A further letter on 18 November 2003 from Mr Backhouse to Mr Johnson stated that unless they made an alternative arrangement there would be no option but to recommend that the aircraft be sold by CFS for $700,000, which matched the best three offers received in its pre-overhaul condition. Mr Backhouse also requested Mr Johnson’s confirmation that John Jackson was able to act exclusively on Mr Johnson’s behalf. Finally, in a letter on 24 November 2003 Mr Backhouse wrote to John Jackson to advise that he has accepted Mr Johnson’s offer in connection with the resolution of outstanding issues relating to what he called the user contract arrangements of December 2001. Under it Mr Johnson would make no further payments nor receive any further benefits, and that all liabilities and contractual obligations as between the parties in connection with the aircraft would be extinguished. The same day Mr Backhouse wrote to Mr Johnson requesting confirmation that the resolution proposed and outlined to Mr Jackson was acceptable. There was a letter of 1 December 2003 from Mr Johnson to CFS – apart from the 21 December 2001 operation agreement the only letter from Mr Johnson in the entire correspondence – that all liabilities and contractual obligations between the parties were extinguished (“the 1 December 2003 termination”)
The receiver’s investigations
Following Mr Johnson’s arrest on suspicion of having committed further offences on 26 February 2004 the police searched the defendant’s properties and found two letters from Mr Backhouse to Mr Johnson relating to the aircraft and also to an Augusta 109 Helicopter. Proceedings in relation to the Augusta 109 helicopter ultimately led to a judgment of Blake J on 18 July 2008, to which I return: Re J, CJA/115/2002.
In early April 2004, following seizure of the letters at Mr Johnson’s home, which mentioned Mr Backhouse, the receiver wrote to him, advising him of his appointment, enclosing a copy of the restraint and management receivership order of 23 September 2002, and asking Mr Backhouse to confirm the nature of Mr Johnson’s interest in the aircraft and whether Mr Johnson was an officer or shareholder of CFS (and if a shareholder, the percentage of his shareholding). Mr Backhouse sent a holding reply on 21 April 2004, explaining that he had returned from holiday on 19 April and would write in reply to the questions in the next few days.

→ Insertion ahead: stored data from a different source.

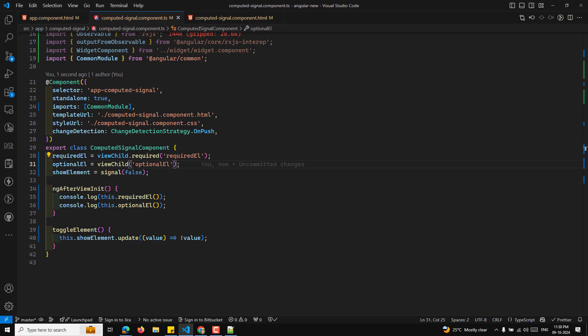If we mark the optional element's query as required, Angular throws a runtime error because the element is not always present. This demonstrates how the required field enforces that a query always returns a result and avoids undefined values.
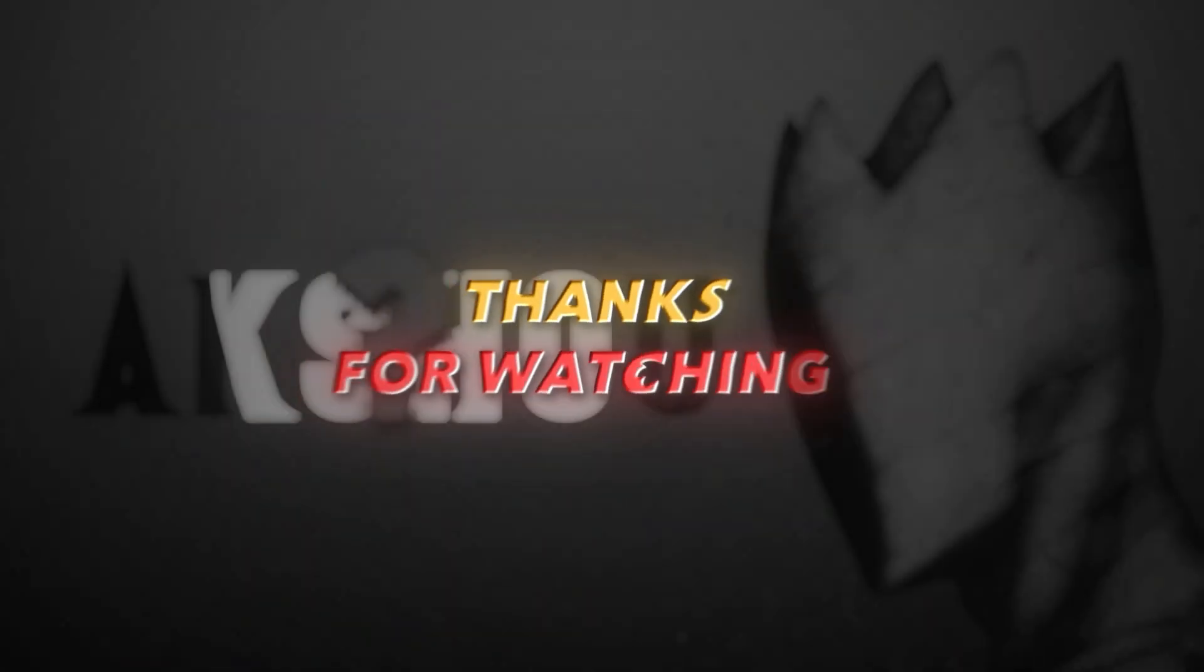I guess that's it for the video. I hope you learned something from it or even enjoyed it. If you have any questions, tell me in the comments. Thanks for watching.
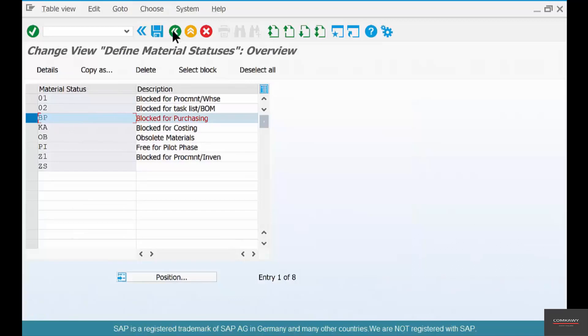Same thing with the other functional areas—warehouse management, inventory management, and so on. Depending on what are the different functional areas you want to stop transacting in this material, you go and create a new material status, mark all the appropriate functional areas as either a warning or an error, save it, and apply that to the material. That's it.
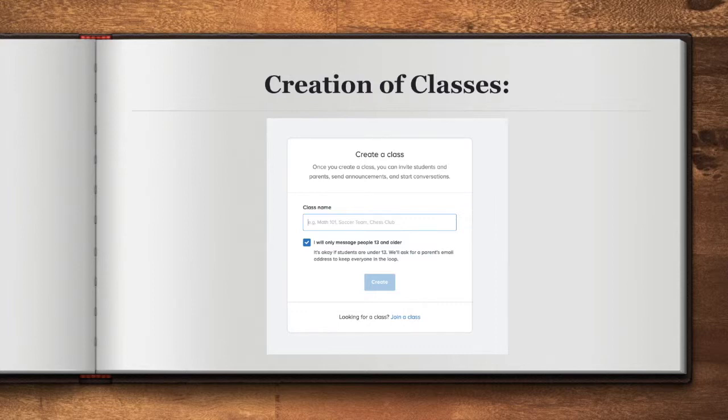Keep in mind that students who are 13 or older may use Remind independently. However, if they are younger than 13, parents will need to be the only contact in the Remind classroom.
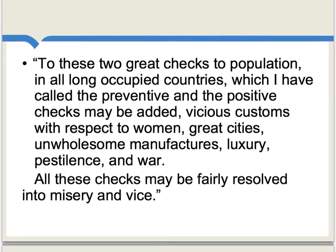Here's a good illustrative quotation from Malthus that shows the direction of his thought: "To these two great checks to population in all long-occupied countries, which I have called the preventive and the positive checks, may be added vicious customs with respect to women, great cities, unwholesome manufactures, luxury, pestilence, and war. All these checks may be fairly resolved into misery and vice." In other words, it really is possible to have a population which is not at every point outracing the food supply, but the way you get there is by having misery and some number of individuals dying through starvation or war, or a very high degree of moral restraint — that is, individuals postponing marriage.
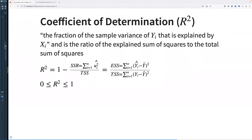We need to figure out how good our model actually is. We have the coefficient of determination, also known as R-squared: it's the fraction of the sample variance of Yi that is explained by Xi, and is the ratio of the explained sum of squares to the total sum of squares. Another way to describe it is how much of your results is explained by your model compared to all the variation in the final result. If my model has an R-squared of 0.85, I can explain 85% of the variation.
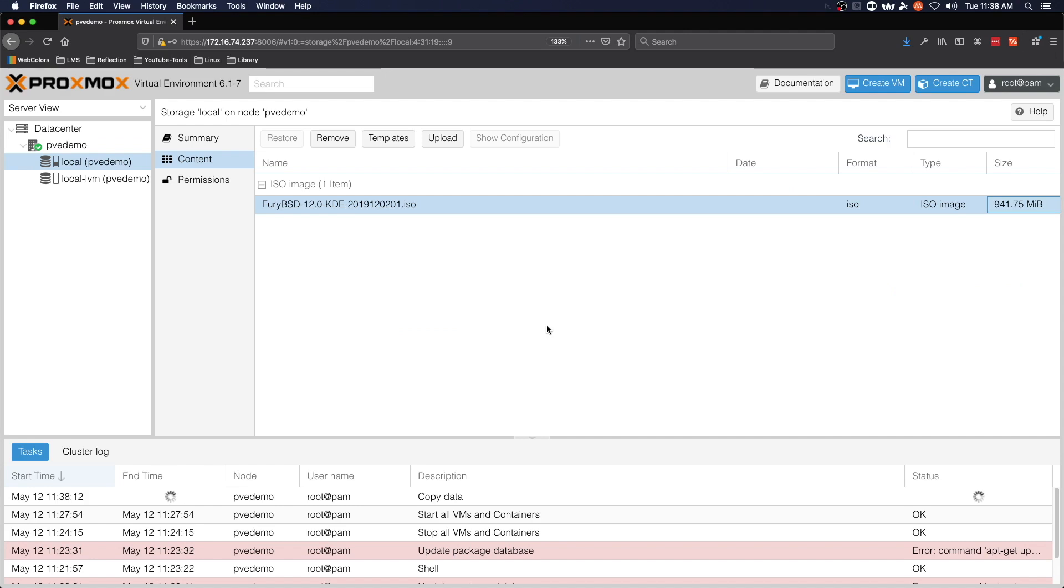And that's going to bring us to the end of our operation today: uploading an ISO image to a Proxmox VE server. I will see you in the next video.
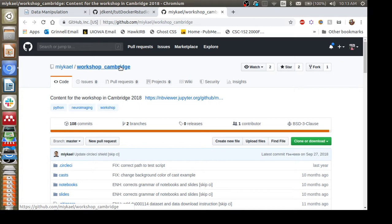We're going to cover the data manipulation notebooks today. I'll cover questions that may not be directly related to this — some of the notebooks cover more of an introduction to Python and Jupyter, which we won't cover today. We're focusing on a couple of packages used in Python to manipulate neuroimaging data. If you have questions about more fundamental Python concepts or how to use Jupyter notebooks, feel free to ask as we go along.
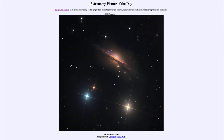Greetings and welcome to Introduction to Astronomy. One of the things that I like to do in each of my introductory astronomy classes is to begin with the Astronomy Picture of the Day from the NASA website — that is apod.nasa.gov/apod — and today's picture for December the 24th of 2020 is titled Portrait of NGC 1055.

Mr Backhouse wrote on 28 April:
“To the best of my belief Craig Johnson has never been an officer or shareholder of [CFS]. During 2001 there were discussions that he would take a stake in [the aircraft] or CFS but this proposal did not come to fruition. Craig Johnson benefited from a user arrangement with a potential entitlement to part of the balance of proceeds of sale providing certain payments towards overhaul/improvements were made. These payments were never made and the user arrangement came to an end last year by mutual agreement. … After discussions it was agreed that CFS Ltd would borrow the money from a source introduced by him and manage the aircraft in conjunction with the pilot. The aircraft would also be available for me to fly on a favourable basis.”

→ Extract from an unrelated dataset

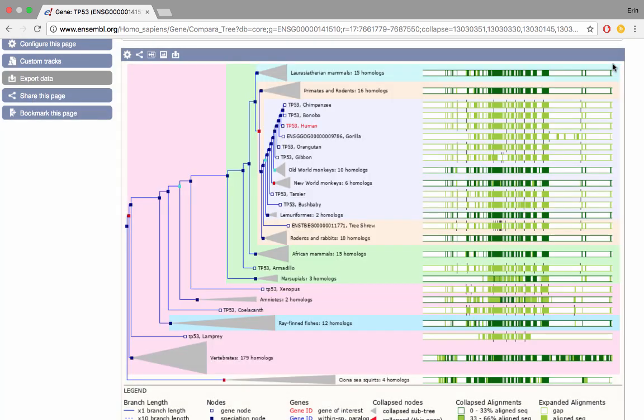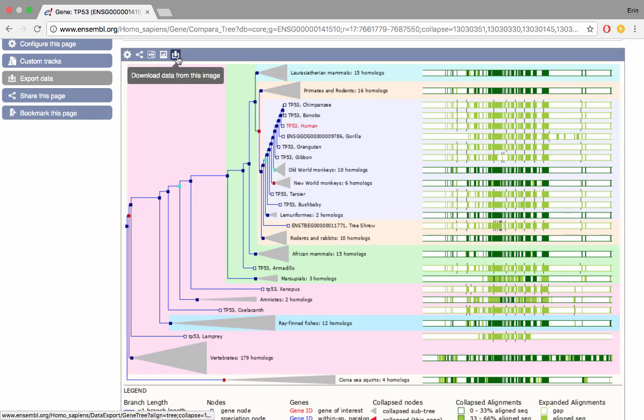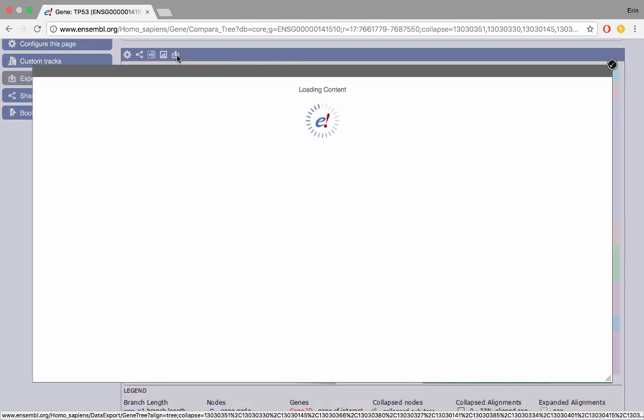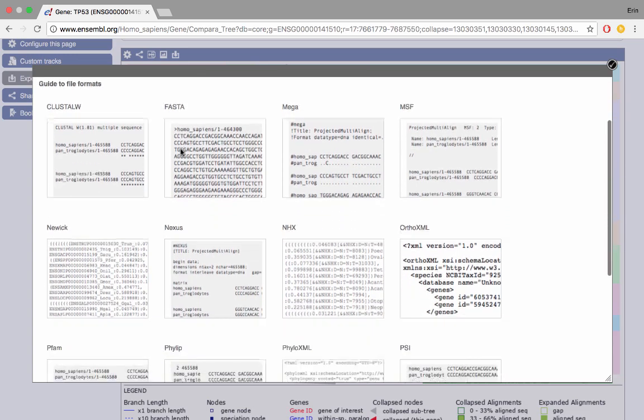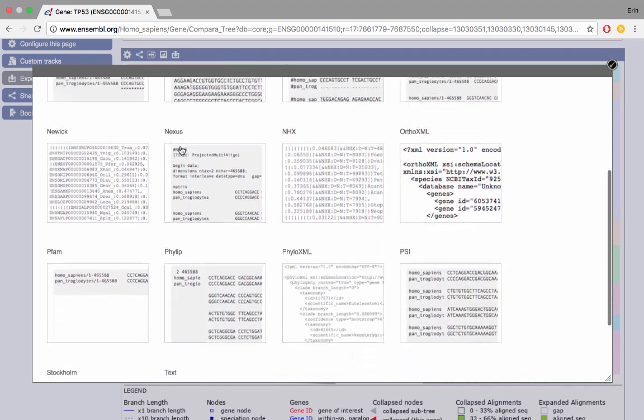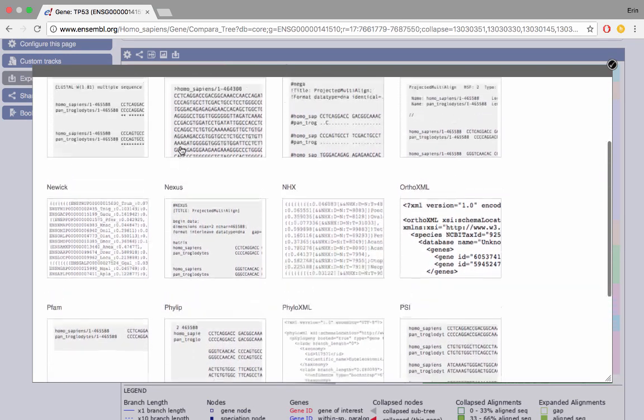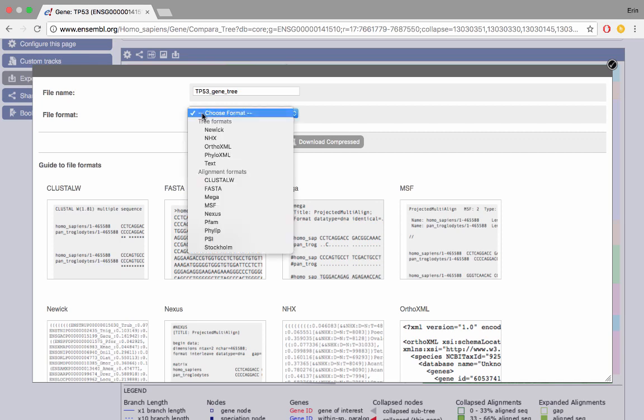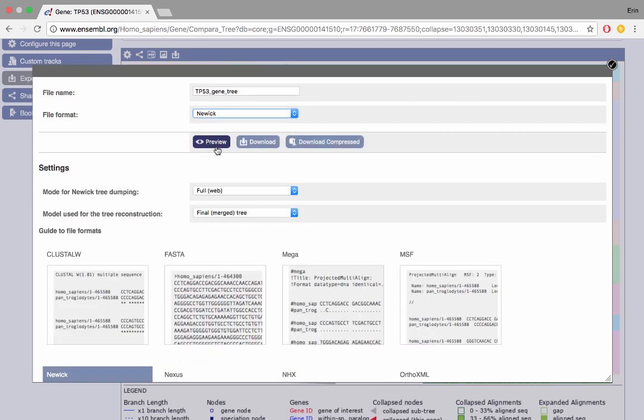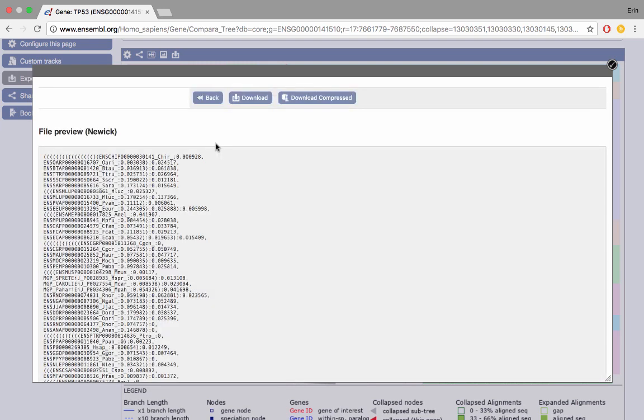The final option is to download the data from this image. If we click on this icon we can see that we have a range of different formats in which we can download this data. What's particularly useful is once you've selected a format that you're interested in, either from the drop down box or by clicking on the image, you can see a preview of that data and you have the option to download as it is or as a compressed file as well.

That reply prompted further questions containing letters from the receiver dated 6 and 14 May 2004. Mr Backhouse replied on 26 May. In his letter he stated:
“Craig Matthew Johnson does not have any interest in Citation Flying Services Ltd, Citation Flying Services LLP or G-Jet J. The user arrangement finished in 2003 … G-Jet J use by Craig Johnson was invoiced to Helix.”

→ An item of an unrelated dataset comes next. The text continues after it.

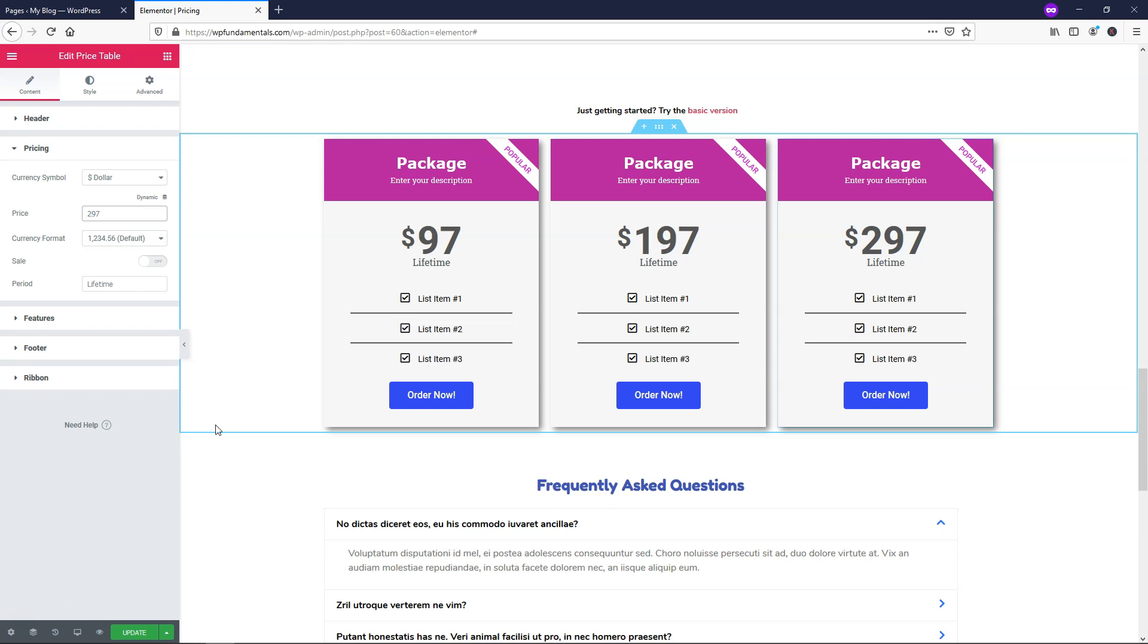So I hope this video was helpful and that you enjoyed the video on the pricing table widget. If you did please feel free to give me a thumbs up and subscribe for more Elementor tutorials. Thanks for viewing and have a wonderful day.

Further responses by Mr Backhouse on 10 and 11 June 2004 stated that when the arrangements for the aircraft came to an end there were significant outstanding amounts due and that no payments had been received in connection with it after September 2002. A further letter of 30 June 2004 from Mr Backhouse to Mr Sinclair requested him to provide Mr Backhouse with evidence that the aircraft formed part of Mr Johnson’s estate after September 2002. On 29 July 2004 Beatson J listed the matter for hearing within 7 days. The minute of order dated 5 August 2004 required disclosure by 31 August 2004 of any information or documentation relating to the purchase, finance, ownership, lease, charter and maintenance of the aircraft.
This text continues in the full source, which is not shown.